Hacker News new | ask | show | jobs
by ergot 3499 days ago
Most browsers should forcibly transcribe this to Punycode[1]:

    https://www.𝙿𝙰𝚈𝙿𝙰𝙻.com/
And yet when I paste this into the latest Firefox it redirects to https://www.paypal.com/

No 301 redirects or anything, the browser just treats it like ASCII, which it is clearly not, it actually happens to be Fullwidth:

https://en.wikipedia.org/wiki/Fullwidth_form

Serious phishing opportunity if you ask me!

[1] https://en.wikipedia.org/wiki/Punycode

3 comments

Nope. The browser is behaving sensibly, since you can't register that domain. It's applying the same rules that the registrars do.

ICANN require that registries follow RFC3491 and related RFCs for name prep before allowing a name to be registered https://www.icann.org/resources/unthemed-pages/idn-guideline... . What that one does is (among other things) NFKC normalization and case-folding:

    irb(main):016:0> "\ufeff\uff30\uff21\uff39\uff30\uff21\uff2c"
    => "PAYPAL"
    irb(main):017:0> "\ufeff\uff30\uff21\uff39\uff30\uff21\uff2c".unicode_normalize(:nfkc).downcase
    => "paypal"
Interesting. So, out of interest, why is the same not being applied for ɢ? (When I ran it through Python's unidecode I got the roman symbol all the same).
Because 'small capital g' doesn't have a compatibility decomposition to G, but wide letter P does have a compatibility decomposition to 'normal' P. Unicode normalization kills large classes of homograph attacks but by no means all. conventions over mixing scripts from different languages stop some more, but there's no single answer.
Doing the "ɢ" conversion here[0], I get

  xn--1na
[0]https://www.punycoder.com/
The problem is that the RFCs aren't restrictive enough, partly because the IETF doesn't have much authority over registrars.

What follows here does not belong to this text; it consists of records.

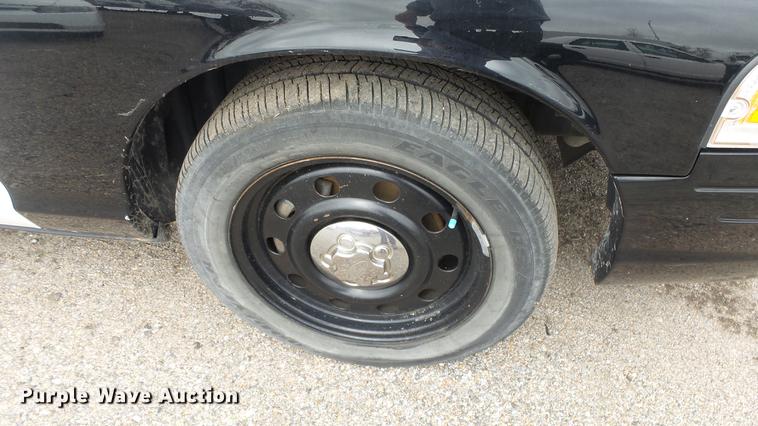 image for item DC3227 2010 Ford Crown Victoria Police Interceptor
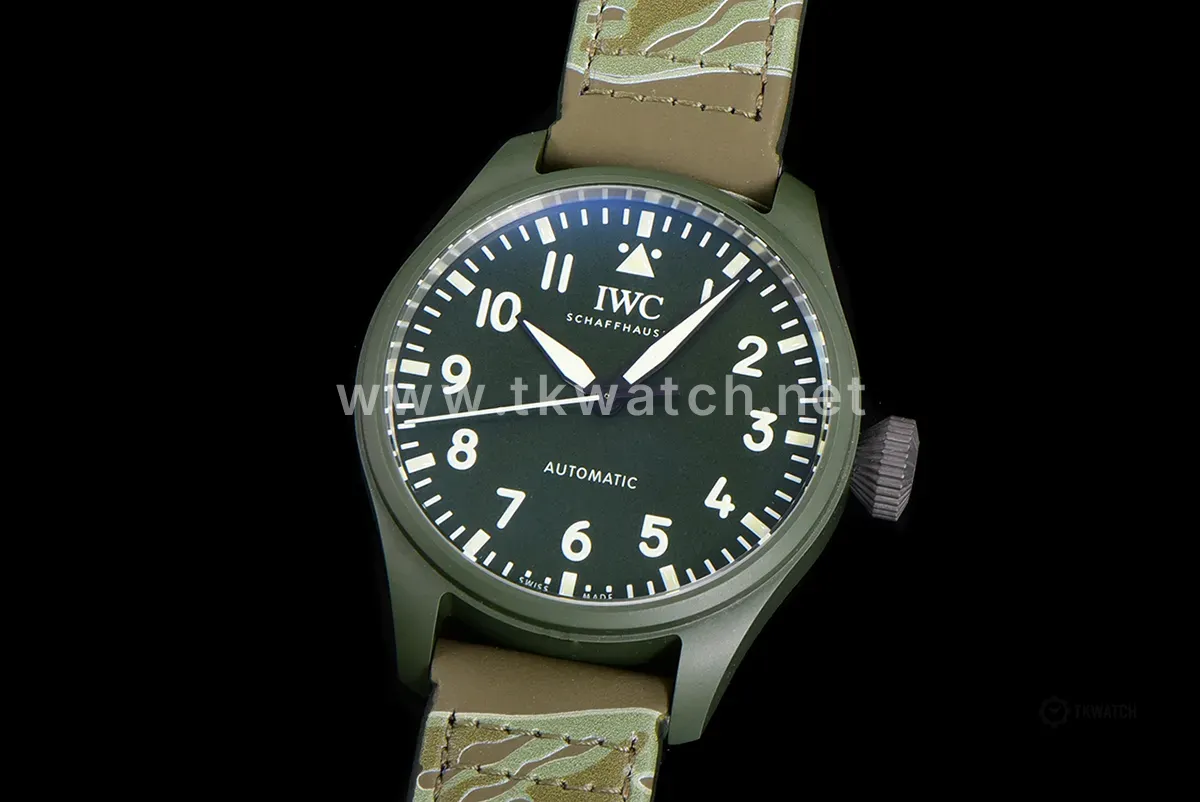 Big Pilot’s Watch 43 IW329802 Top Gun Edition Woodland on Camo Strap - Image 4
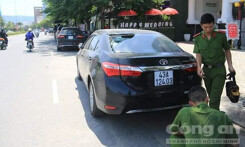 Hàng loạt vụ đập phá ô tô trong đêm pháo hoa ở Đà Nẵng
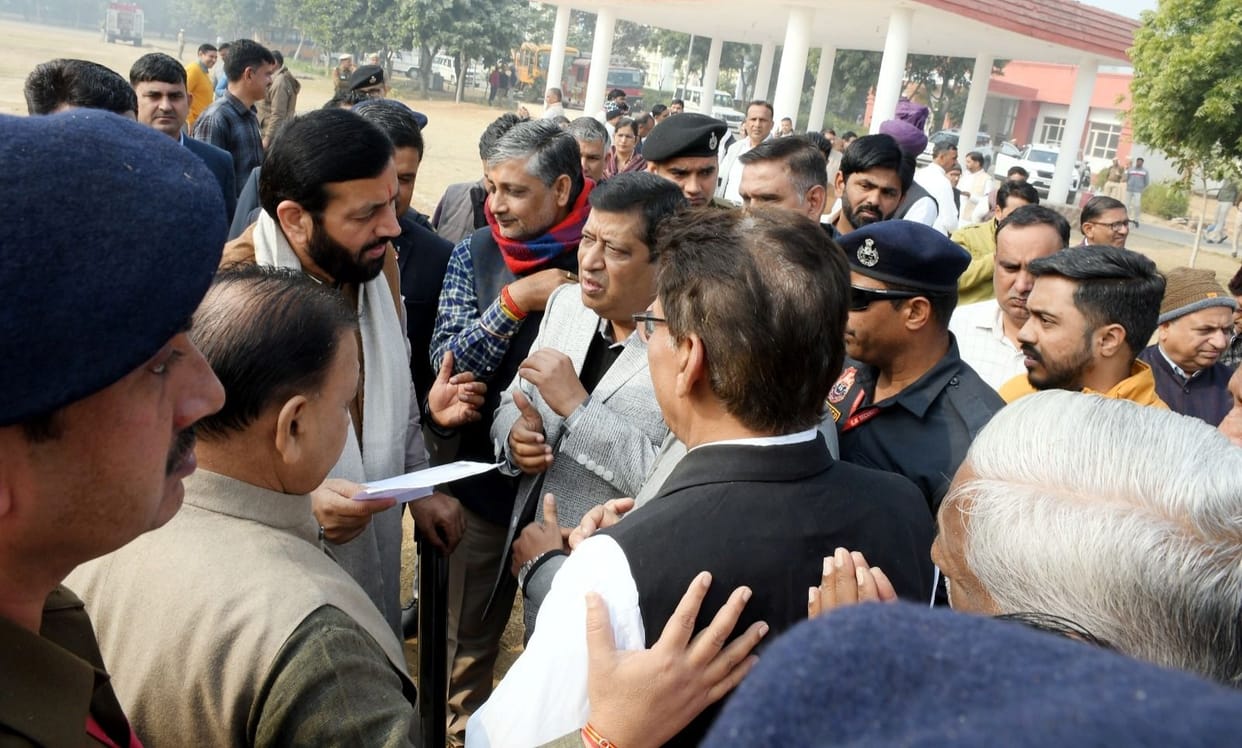 The loss caused by the fire in Chinar Fabrics should be compensated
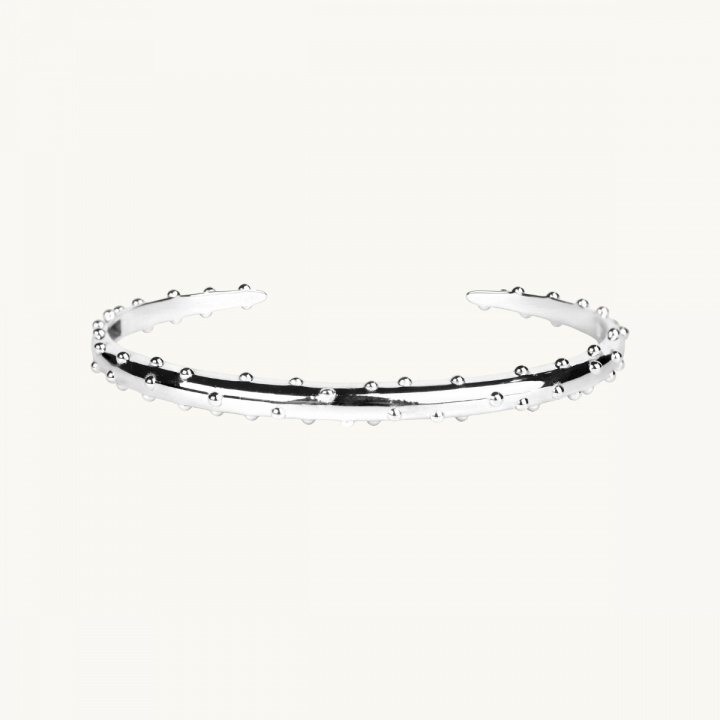 Ett högpolerat armband med en prickar på i sterling silver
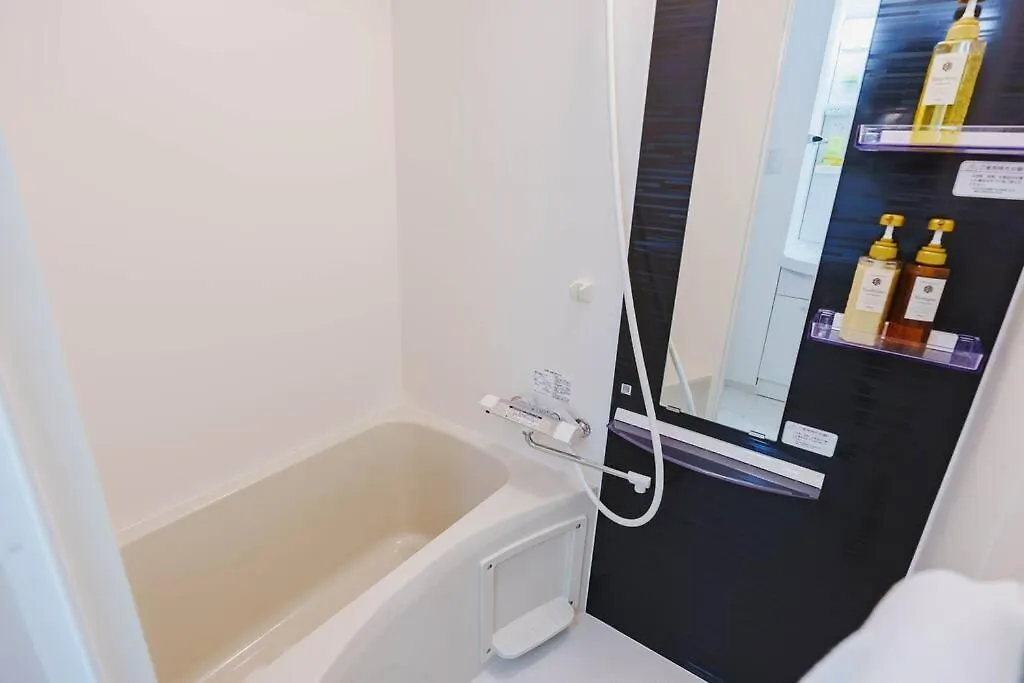 C Newly Renovated Hotel, Direct Access To Ueno, Asakusa, Disneyland, Airport Tokyo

The domain name rules really ought to be something like "one script, plus numbers, in a domain name part". But this runs into such things as the tendency in Japan to mix kanjii with English words. Then there's the whole right-to-left mark business, which has to coexist with left-to-right TLDs.
So if I mix ASCII with obscure UTF8 characters like the domain in OP's post I can register it then?

Something like www.paypal.com --> www.n--pal-n76secrc.com

No. When you apply NFKC normalization to that string, you get just 'paypal', so Paypal have already registered the result. You can try that here: http://mct.verisign-grs.com/ - notice how the output is not the same as some online converters based on punycode.js, because that doesn't have nameprep support https://github.com/bestiejs/punycode.js/issues/40
Those characters are not fullwidth.

This:

www.paypal.com

or this:

www.PAYPAL.com

would be fullwidth.

What you actually posted are characters in the Mathematical Alphanumeric Symbols block. Specifically:

𝙿 — U+1D67F MATHEMATICAL MONOSPACE CAPITAL P

𝙰 — U+1D670 MATHEMATICAL MONOSPACE CAPITAL A

𝚈 — U+1D688 MATHEMATICAL MONOSPACE CAPITAL Y

𝙻 — U+1D67B MATHEMATICAL MONOSPACE CAPITAL L

How is that a phishing opportunity if it redirects you to the real website?